DATA FOR REVIEW section start

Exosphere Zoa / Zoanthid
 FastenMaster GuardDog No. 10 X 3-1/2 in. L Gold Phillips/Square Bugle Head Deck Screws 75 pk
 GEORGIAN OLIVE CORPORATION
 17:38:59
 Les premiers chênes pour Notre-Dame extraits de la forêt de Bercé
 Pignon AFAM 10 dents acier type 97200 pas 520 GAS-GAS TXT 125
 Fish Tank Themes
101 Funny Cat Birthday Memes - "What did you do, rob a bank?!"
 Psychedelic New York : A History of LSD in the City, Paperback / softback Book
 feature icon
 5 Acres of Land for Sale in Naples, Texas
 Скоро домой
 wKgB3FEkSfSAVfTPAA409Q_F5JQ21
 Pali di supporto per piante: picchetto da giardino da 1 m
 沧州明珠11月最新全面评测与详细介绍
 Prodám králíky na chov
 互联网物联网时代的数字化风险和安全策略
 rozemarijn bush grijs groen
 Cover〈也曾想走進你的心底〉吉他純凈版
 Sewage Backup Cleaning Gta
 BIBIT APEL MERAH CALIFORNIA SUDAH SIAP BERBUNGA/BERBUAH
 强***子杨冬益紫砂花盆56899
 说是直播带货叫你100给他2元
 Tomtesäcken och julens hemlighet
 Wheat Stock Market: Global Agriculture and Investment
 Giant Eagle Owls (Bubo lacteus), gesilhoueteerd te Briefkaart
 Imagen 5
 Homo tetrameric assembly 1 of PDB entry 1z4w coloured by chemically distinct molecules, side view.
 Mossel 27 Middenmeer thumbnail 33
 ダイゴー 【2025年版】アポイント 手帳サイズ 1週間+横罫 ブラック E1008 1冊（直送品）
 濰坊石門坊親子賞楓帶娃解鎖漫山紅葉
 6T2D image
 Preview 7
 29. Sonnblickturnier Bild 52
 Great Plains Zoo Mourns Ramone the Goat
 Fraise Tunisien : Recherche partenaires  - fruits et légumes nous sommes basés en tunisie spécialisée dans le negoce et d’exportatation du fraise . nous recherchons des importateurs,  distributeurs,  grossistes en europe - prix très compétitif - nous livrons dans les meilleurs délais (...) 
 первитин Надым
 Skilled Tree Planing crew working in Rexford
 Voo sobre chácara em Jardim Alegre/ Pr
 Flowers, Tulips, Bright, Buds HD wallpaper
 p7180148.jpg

DATA FOR REVIEW section end

TRY IT >> Word for word, please print every line from the beginning of the records to the line bearing "Pali di supporto", counting both ends and stopping there.

RESULT OF THIS TASK >>
Exosphere Zoa / Zoanthid
 FastenMaster GuardDog No. 10 X 3-1/2 in. L Gold Phillips/Square Bugle Head Deck Screws 75 pk
 GEORGIAN OLIVE CORPORATION
 17:38:59
 Les premiers chênes pour Notre-Dame extraits de la forêt de Bercé
 Pignon AFAM 10 dents acier type 97200 pas 520 GAS-GAS TXT 125
 Fish Tank Themes
101 Funny Cat Birthday Memes - "What did you do, rob a bank?!"
 Psychedelic New York : A History of LSD in the City, Paperback / softback Book
 feature icon
 5 Acres of Land for Sale in Naples, Texas
 Скоро домой
 wKgB3FEkSfSAVfTPAA409Q_F5JQ21
 Pali di supporto per piante: picchetto da giardino da 1 m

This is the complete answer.